Friday, July 17, 2009

Public Holidays

I have been inspired by this post of my dear friend Beatrice over at A gringa's thoughts about Ex-pat living in Santiago, Chile and decided to write my own post about the public holiday phenomenon here in Southern Sudan.

There are a total of 15 public holidays a year, not including the spontaneously announced ones for things like Obama being elected President of the US. CPA Day, SPLM Day, Martyrs Day, etc. Our office also counts July 4th and Thanksgiving day as holidays (random...). Half of the government holidays are canceled the day before or the day of the scheduled holiday and moved to later in the week or the month. The announcements which are given on the radio and always come too late to tell our staff that they are still required to come into work, so they end up having both days off instead of one! For example, SPLM day, which was scheduled for May 16th, and then the announcement came at 8am on that very day that it would be moved to May 25th. All the celebratory firing of weapons on the 16th was for nothing.
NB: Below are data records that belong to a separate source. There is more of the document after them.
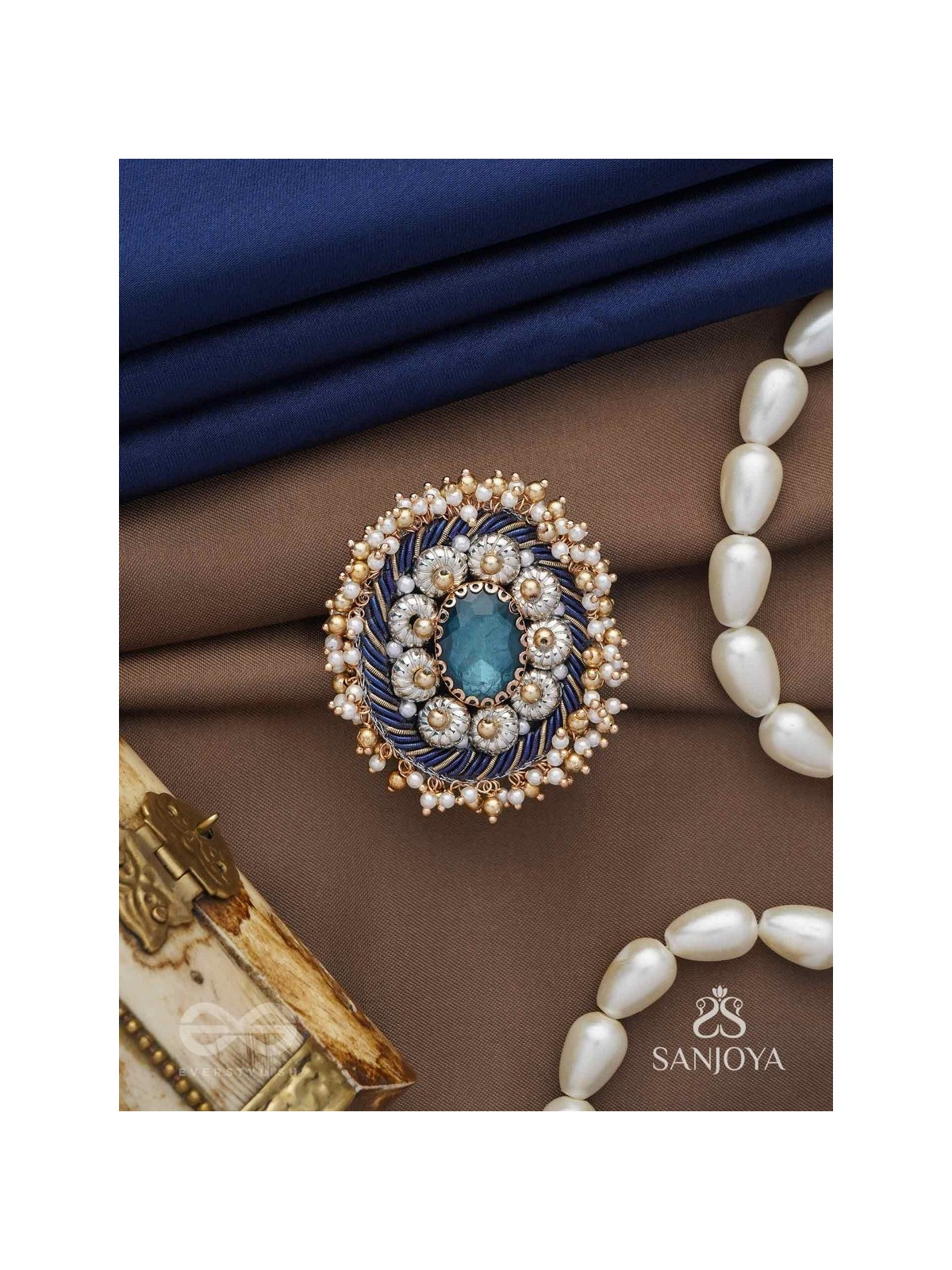 Rajiva - Deep Sea Dream - Stone And Beads Hand Embroidered Ring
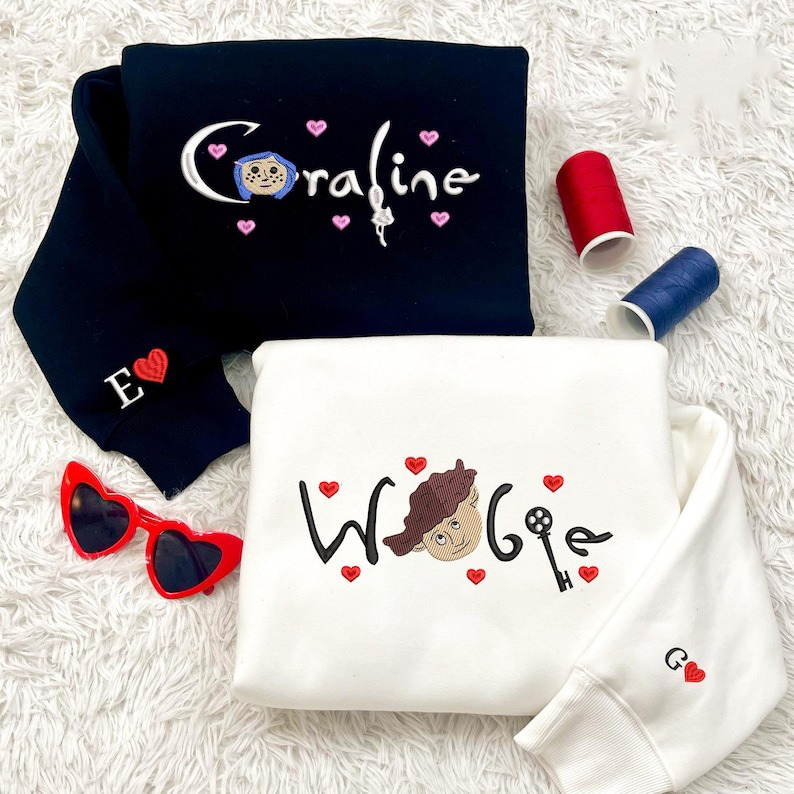 Scary Doll Couple Embroidered Sweatshirt, Valentine Embroidered Shirt, Valentine Scary Doll Matching Embroidered Shirt, Valentine Gift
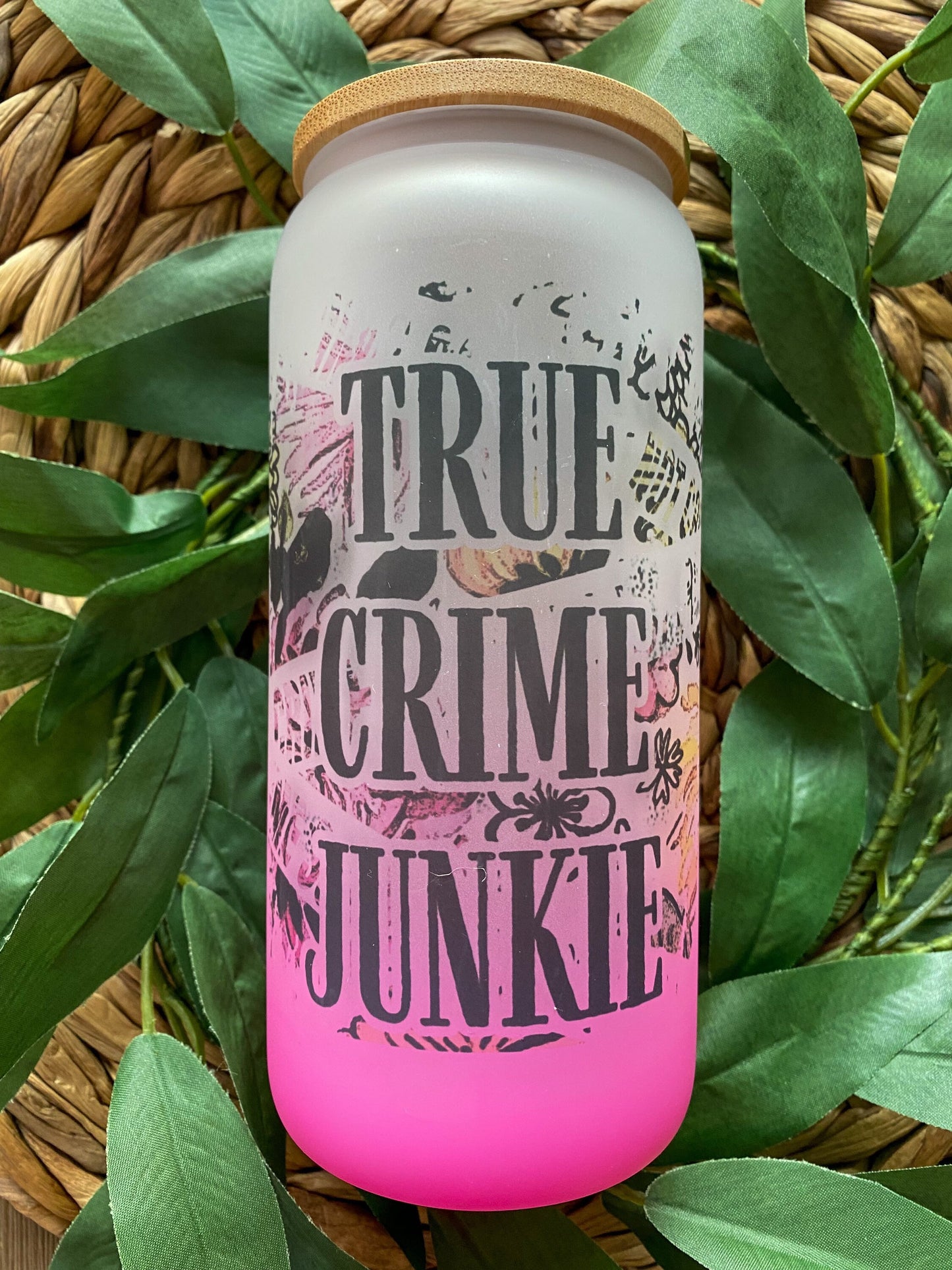 True Crime Junkie 16oz. or 20 oz. Clear or Frosted Beer Can Glass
Sigh.

Then there are the holidays that are set based on the phases of the moon, like Eid ul-Adha ("greater Eid", Feast of the Sacrifice of Ishmael by Ibrahim), and Eid El-Fitr ("smaller Eid", marks the end of the Muslim holy month of Ramadan), where the same mixup occurs because the muslim community will call the holiday on one day, but the government will call it another day, therefore giving everyone both days off. Last year for Eid ul-Fitr this went on for 4 days before the 3 day holiday!

Makes planning work a bit confusing, and the ex-pats are still expected to work on these public holidays so it's not like we all get the day off, but the rest of the staff and the government employees are certainly happy about it!

Eid ul-Fitr is my favorite holiday of the bunch. Ramadan is a month where Muslims rise before dawn to eat the first meal, fast from sunrise to sunset, not even drinking water, and then break their fast once the sun has set. Once the appropriate phase of the moon is spotted, celebrations break out across town. Poeple wear their best clothes and walk to the mosques. Enormous quantities of food are prepared, and walking and driving around you find huge groups of people gathered all over the place sharing the feast. It is a time to give to those less fortunate, and the air is festive. Poeple wear their best clothes and walk to the mosques. I would be too if I had not been eating during the day for a whole month.

1 comment:

M.Lane said...

I'm going to start adopting the governmental posture at work! I'll say at 8 am the day before Thanksgiving that the formerly stated day off is being moved and we will all [in theory] get that day AND the new one AND Thanksgiving!!! What a scream!